Would he ignore “social media”? Or would he just suck at it?
Because if you’re THAT good at one thing (writing stories) can you possibly also be THAT good at promoting yourself?
And, today, if you cannot promote yourself effectively, does it even matter how good your work is?
I don’t know the answer to any of these questions, but that doesn’t keep me from obsessing about them. I spent a career in “business” trying to “promote” many different things to many different kinds of audiences. Some of those efforts succeeded, others failed. But were any of the ones that worked a product of classic marketing or promotion? Or did they work because all the stars aligned and the product being promoted had an intrinsic worth and I was just lucky enough to sense that?

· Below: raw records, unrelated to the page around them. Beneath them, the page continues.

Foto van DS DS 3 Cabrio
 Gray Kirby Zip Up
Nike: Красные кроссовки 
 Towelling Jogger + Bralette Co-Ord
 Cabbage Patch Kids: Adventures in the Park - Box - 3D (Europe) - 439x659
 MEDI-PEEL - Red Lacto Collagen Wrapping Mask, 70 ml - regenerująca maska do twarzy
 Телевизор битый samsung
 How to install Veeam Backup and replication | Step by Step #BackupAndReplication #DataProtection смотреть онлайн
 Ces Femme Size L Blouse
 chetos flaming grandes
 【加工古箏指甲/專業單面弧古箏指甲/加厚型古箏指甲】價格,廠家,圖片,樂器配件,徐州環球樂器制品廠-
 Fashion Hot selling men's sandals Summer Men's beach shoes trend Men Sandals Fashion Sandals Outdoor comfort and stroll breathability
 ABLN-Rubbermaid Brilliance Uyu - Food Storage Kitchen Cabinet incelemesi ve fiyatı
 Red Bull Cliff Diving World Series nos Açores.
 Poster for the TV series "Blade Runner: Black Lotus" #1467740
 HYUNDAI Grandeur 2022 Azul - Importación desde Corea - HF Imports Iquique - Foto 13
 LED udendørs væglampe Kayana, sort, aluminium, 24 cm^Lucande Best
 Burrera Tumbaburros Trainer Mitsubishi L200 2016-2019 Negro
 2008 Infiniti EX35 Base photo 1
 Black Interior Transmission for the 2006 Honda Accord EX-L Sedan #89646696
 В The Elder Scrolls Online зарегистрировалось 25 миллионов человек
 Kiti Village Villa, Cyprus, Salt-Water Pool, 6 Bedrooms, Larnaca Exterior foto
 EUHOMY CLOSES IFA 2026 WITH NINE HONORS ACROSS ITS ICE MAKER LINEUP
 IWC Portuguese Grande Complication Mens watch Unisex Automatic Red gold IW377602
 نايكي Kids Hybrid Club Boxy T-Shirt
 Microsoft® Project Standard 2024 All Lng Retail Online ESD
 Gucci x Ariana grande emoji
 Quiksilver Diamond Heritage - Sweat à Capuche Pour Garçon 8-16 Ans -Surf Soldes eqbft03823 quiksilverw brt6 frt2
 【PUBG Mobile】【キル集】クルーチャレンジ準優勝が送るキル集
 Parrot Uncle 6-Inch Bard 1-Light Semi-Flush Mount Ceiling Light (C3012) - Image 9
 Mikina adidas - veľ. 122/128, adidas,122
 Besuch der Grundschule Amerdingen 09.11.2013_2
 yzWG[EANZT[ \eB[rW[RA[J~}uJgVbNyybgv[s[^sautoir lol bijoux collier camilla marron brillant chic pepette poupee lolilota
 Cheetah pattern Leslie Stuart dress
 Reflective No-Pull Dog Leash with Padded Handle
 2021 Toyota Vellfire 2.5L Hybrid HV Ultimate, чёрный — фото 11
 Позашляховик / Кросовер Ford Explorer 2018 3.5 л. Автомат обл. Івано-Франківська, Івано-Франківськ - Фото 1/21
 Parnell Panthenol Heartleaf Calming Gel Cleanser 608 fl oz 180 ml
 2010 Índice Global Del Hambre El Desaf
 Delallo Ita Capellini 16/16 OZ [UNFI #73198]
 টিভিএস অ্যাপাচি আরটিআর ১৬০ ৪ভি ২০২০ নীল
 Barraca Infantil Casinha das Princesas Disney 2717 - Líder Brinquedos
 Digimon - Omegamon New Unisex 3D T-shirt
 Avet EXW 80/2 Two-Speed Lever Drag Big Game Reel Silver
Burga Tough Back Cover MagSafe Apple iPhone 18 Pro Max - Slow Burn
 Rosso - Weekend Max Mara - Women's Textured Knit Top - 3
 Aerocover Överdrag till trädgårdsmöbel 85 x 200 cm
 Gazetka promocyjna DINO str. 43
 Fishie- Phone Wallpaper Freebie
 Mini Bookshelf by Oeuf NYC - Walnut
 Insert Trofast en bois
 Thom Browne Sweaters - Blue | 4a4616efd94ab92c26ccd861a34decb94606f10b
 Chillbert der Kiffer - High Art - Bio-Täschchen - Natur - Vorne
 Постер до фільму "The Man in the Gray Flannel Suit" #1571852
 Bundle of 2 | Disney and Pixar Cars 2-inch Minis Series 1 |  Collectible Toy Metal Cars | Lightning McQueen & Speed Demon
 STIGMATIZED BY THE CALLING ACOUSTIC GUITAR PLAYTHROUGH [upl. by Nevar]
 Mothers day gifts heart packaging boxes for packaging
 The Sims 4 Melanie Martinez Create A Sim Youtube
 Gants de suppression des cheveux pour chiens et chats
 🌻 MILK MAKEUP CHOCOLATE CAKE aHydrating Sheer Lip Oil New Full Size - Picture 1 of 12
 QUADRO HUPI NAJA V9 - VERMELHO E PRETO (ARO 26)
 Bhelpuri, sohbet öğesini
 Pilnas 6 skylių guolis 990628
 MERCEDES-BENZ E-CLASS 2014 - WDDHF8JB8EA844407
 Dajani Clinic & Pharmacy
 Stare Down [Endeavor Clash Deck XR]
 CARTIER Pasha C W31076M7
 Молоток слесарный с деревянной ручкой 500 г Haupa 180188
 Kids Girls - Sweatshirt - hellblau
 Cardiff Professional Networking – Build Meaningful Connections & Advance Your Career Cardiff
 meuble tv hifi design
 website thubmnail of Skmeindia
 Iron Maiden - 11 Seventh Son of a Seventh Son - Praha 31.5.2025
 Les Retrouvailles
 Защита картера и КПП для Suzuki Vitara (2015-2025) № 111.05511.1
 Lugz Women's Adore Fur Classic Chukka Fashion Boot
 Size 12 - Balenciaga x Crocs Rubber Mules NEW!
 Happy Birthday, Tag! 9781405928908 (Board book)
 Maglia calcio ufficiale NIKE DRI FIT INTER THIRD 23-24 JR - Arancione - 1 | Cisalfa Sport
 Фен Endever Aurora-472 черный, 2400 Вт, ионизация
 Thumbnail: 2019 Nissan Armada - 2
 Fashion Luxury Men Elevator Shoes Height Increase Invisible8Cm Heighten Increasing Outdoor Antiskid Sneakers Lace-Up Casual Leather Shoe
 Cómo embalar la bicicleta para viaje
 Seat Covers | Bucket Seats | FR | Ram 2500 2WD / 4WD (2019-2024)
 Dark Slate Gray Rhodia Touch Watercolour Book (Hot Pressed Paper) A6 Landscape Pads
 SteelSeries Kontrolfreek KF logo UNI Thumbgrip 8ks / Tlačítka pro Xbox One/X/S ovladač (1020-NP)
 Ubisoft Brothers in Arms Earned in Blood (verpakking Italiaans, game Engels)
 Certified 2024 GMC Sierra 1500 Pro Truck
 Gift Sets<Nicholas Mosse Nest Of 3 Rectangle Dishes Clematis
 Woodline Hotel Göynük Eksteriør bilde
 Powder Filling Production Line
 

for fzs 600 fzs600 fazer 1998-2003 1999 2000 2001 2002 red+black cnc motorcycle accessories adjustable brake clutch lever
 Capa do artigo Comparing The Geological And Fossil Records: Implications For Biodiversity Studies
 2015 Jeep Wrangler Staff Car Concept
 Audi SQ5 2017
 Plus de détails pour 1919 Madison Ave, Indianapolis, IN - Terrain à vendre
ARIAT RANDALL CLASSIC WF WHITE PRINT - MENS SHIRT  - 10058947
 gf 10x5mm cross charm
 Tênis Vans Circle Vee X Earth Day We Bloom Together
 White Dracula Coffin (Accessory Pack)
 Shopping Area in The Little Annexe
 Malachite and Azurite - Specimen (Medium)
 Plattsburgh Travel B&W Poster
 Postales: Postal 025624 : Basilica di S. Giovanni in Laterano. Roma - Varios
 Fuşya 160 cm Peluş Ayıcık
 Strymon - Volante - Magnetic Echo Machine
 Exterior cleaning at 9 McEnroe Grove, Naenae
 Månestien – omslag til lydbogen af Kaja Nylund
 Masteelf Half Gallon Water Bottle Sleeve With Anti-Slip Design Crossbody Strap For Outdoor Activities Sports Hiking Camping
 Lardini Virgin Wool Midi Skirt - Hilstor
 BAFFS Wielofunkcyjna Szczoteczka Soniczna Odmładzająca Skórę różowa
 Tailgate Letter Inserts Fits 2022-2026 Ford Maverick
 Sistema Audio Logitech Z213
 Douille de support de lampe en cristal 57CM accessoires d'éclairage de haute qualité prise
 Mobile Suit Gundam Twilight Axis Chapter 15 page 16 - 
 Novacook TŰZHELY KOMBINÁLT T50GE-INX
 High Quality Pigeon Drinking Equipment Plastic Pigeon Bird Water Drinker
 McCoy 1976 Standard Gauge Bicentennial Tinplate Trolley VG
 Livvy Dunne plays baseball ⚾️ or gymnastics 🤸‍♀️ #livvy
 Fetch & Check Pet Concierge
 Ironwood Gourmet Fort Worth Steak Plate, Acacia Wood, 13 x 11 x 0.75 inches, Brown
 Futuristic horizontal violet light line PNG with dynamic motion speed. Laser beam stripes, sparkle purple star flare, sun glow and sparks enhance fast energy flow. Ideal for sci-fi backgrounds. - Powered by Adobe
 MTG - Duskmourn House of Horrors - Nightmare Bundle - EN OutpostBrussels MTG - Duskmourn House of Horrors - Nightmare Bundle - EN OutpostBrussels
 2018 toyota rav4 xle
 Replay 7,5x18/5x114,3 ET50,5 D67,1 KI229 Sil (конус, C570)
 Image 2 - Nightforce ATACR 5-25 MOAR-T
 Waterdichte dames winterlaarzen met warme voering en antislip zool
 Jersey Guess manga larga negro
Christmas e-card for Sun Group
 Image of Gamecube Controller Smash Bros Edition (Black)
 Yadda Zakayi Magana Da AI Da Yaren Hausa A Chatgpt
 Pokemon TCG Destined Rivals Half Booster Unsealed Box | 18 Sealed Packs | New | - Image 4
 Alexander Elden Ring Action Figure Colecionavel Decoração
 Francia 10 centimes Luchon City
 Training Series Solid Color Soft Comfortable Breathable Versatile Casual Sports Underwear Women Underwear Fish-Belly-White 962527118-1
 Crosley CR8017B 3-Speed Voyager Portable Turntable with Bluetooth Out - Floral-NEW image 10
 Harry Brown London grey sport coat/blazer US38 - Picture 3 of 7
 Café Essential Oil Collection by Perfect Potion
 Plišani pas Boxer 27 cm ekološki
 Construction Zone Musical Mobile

The internet has of course made people more skeptical than ever of marketing and promotion. People know it’s a scam. This book! This movie! This band! This game! In spite of their ultra-clever cross-platform multi-media marketing campaigns, most of what is being promoted sucks … and people know that now. They instinctively distrust the “sell.”
So maybe it’s more about keeping your head down and doing good work and getting better and better with each project … and hoping? Hoping you have a friend who digs your stuff and tells someone else who tells someone else who … what? Works at Fox? We all know what the chances of that are. Plus, Fox would just want to own your IP and fuck it up, anyway!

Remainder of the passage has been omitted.